Esta ideia, no entanto, é falsa. A título de exemplo, o direito ao sufrágio: o custo das eleições de 2018 foram de mais de R$ 2,5 bilhões.[9] Os custos da liberdade, por sua vez, inevitavelmente exigem a prestação de serviços de segurança pública, por certo custosa – mais de R$ 81 bilhões em 2016, somados os orçamentos da União, Estados e Municípios (GRANZOTTO, 2018). Os direitos de terceira dimensão, igualmente, implicam custos estatais (e.g., meio ambiente, cuja proteção, ao menos se adequadamente feita,[10] é indubitavelmente dispendiosa ao Estado, dependendo de um corpo técnico qualificado e de equipamentos para o cumprimento da função).

No mesmo sentido, Holmes e Sunstein (2011) destacam que os direitos são economicamente custosos. Todos eles. Independentemente de consistirem nas tradicionais liberdades à não interferência estatal, aos direitos sociais (habitualmente identificados, estes sim, como onerosos ao Estado, eis que diretamente dependentes de uma atividade estatal para sua concretização), ou àqueles de caráter transindividual e heterogêneo.

De todo modo, há de se admitir que, de fato, os direitos inerentemente custosos ao Estado são os de segunda dimensão.

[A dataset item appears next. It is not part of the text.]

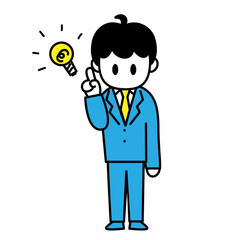 男性　会社員　指さし　ひらめき　全身　イラスト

Neste sentido é a lição de Gustavo Amaral (Direito, Escassez e Escolha):

há direitos cuja efetividade social pode ser apenas jurídica, pois correspondem a pretensões de abstenção, ao passo que outros, para serem cumpridos, para sair do papel, necessitam intrinsecamente a existência de um aparato público, vale dizer, demandam recursos materiais (AMARAL, 2001, p. 67).

Embora os demais direitos, em maior ou menor medida, também dependam de gastos públicos, são os direitos sociais os que mais dependem destes recursos materiais para que sejam adequadamente cumpridos. Em 2020, o orçamento atualizado para a área de atuação “Previdência Social” atingiu a impressionante monta de R$ 756,10 bilhões (BRASIL, 2020). Direitos culturais, à saúde, à educação e a outras prestações positivas do Estado igualmente dependem de um orçamento relevante. Como resultado, também são eles que tendem a sofrer maiores consequências em tempos de crise econômica (SARLET, 2015, p. 463)[11].

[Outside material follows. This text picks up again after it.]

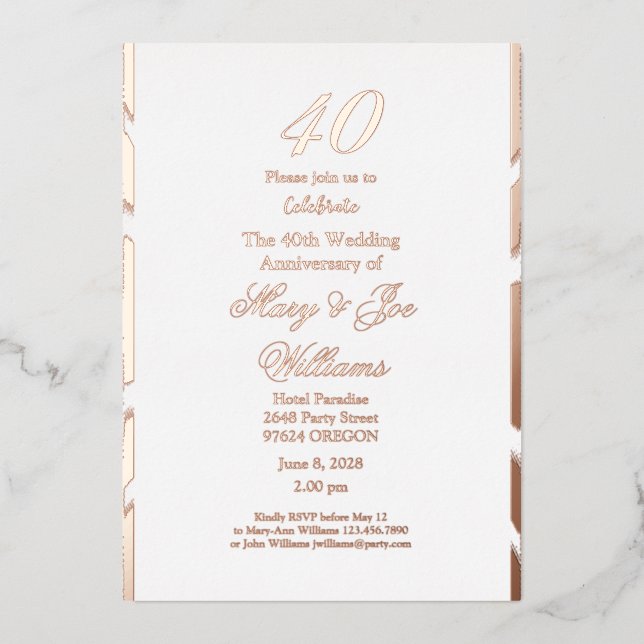 40 Years Jubilee Birthday 40th Wedding Anniversary Foil Invitation (Front)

Assim, a seguir, passar-se-á à análise, em específico, das ameaças sofridas, em tempos de crise, pelos direitos ditos sociais.

3. CRISE NA EFETIVIDADE DOS DIREITOS SOCIAIS E CONSTITUCIONALISMO DIALÓGICO

É manifesto que as crises que assolam o país são, além de econômica, também de natureza social e política.[12] Até mesmo a democracia encontra-se fragilizada. Para Vieira (2018, p. 17), a atual hostilidade aos valores constitucionais dá sinais de que “nossa democracia constitucional já pode estar vivendo um momento de regressão”. Desde a redemocratização do país, foram várias crises em poucos anos, quase que num “estado permanente de crise”, ainda que de diferentes naturezas. Historicamente, as constituições brasileiras duraram poucos anos, e, mesmo atualmente, surpreende perceber que a democracia, novamente, encontra-se em risco.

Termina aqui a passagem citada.